Moose, you don't need to have a slingshot and speed up the test at all. The main factor in all of this is momentum. I posted the following in your other thread, but I thought that I'd post it here as well.
This is how I would go about it:
1. Figure out how fast the object is moving when dropped from 15 feet. This can be done with the known acceleration due to gravity (32.2 ft/s^2). This is the average acceleration across the Earth's surface. If you wanted a more accurate number, you'd have to factor in your elevation. This won't be necessary or matter for this purpose, unless you're at the summit of Mt. Everest or something. Anyway, the formula for the velocity of a free-falling object on Earth given a certain height is as follows:
v = sqrt(2*g*d)
v = sqrt (2 * 32.2 ft/s^2 * 15 ft)
v = 31.08 ft/s = 21.19 mph
2. Given the velocity of the object in your experiment, the desired velocity, and the desired weight, you can set up an equation of momentum. The main principle here is that you desire a momentum produced by a 15 lb object going 67 mph. Momentum is equal to the product of mass and velocity (p = m*v). Since you're looking to recreate the momentum from the desired experiment and you cannot change the velocity, you have to add mass. That gives you the following equation:
m1v1 = m2v2
(15 lb)*(67 mph) = (X lb)*(21.19 mph)
X = 47.43 lbs
3. So, for your experiment to produce the required momentum, your total weight needs to be 47.43 ~ 47.5 pounds. You currently have a 15 lb mass so therefore, you need to add an extra 32.5 lbs of mass to your weight.

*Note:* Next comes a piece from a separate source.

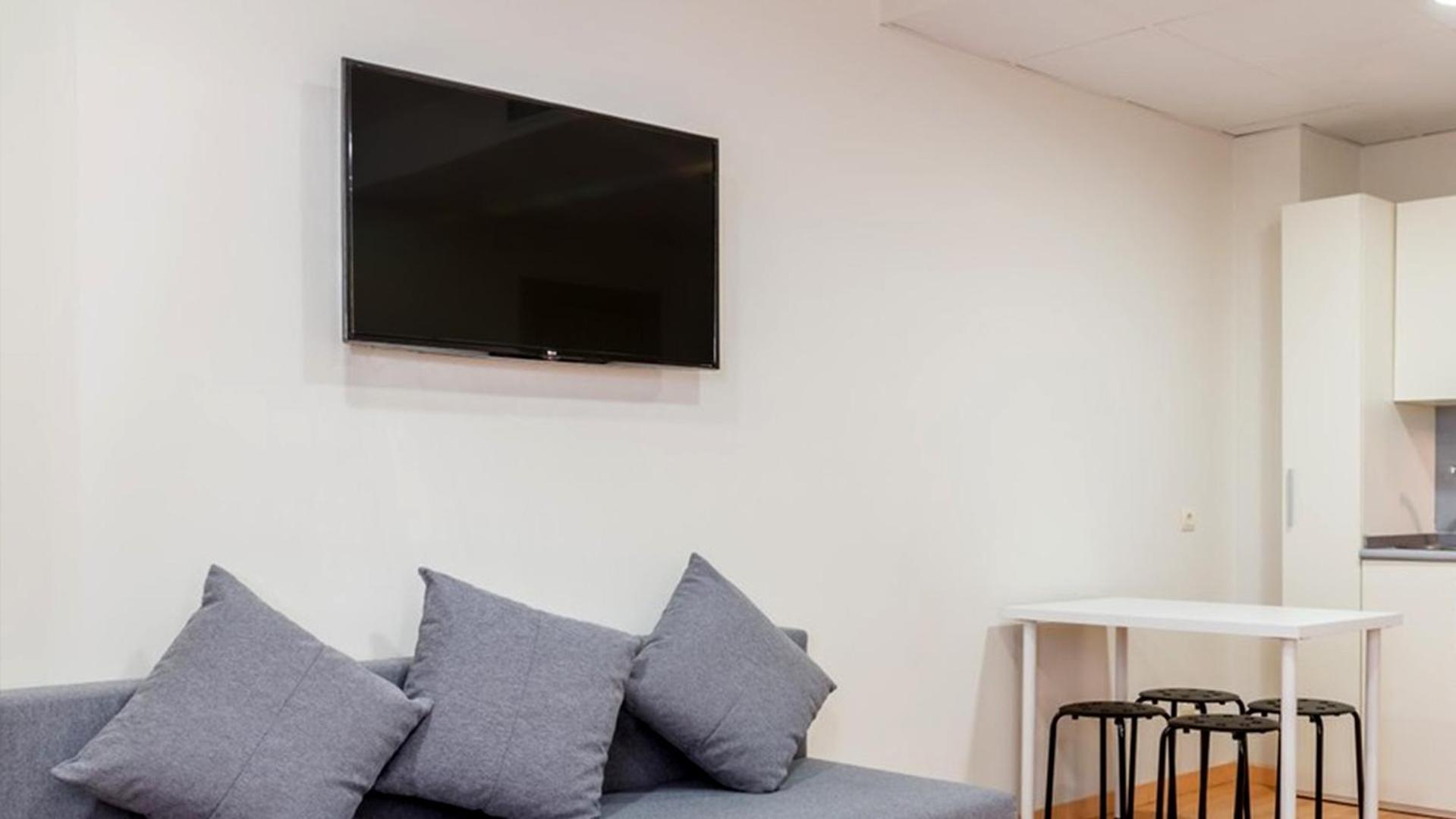Vertice Roomspace Madrid Bagian luar foto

4. Just as a note, there are some inaccuracies in this experiment. The calculations I made were using point-masses, not actual objects. The difference is not very large at all and will be negligable in what you're trying to accomplish. I would not worry about those. I figure that if air resistance isn't necessary, then it isn't necessary to dive into the center of mass/inertia values for the mass.
Hope this helps!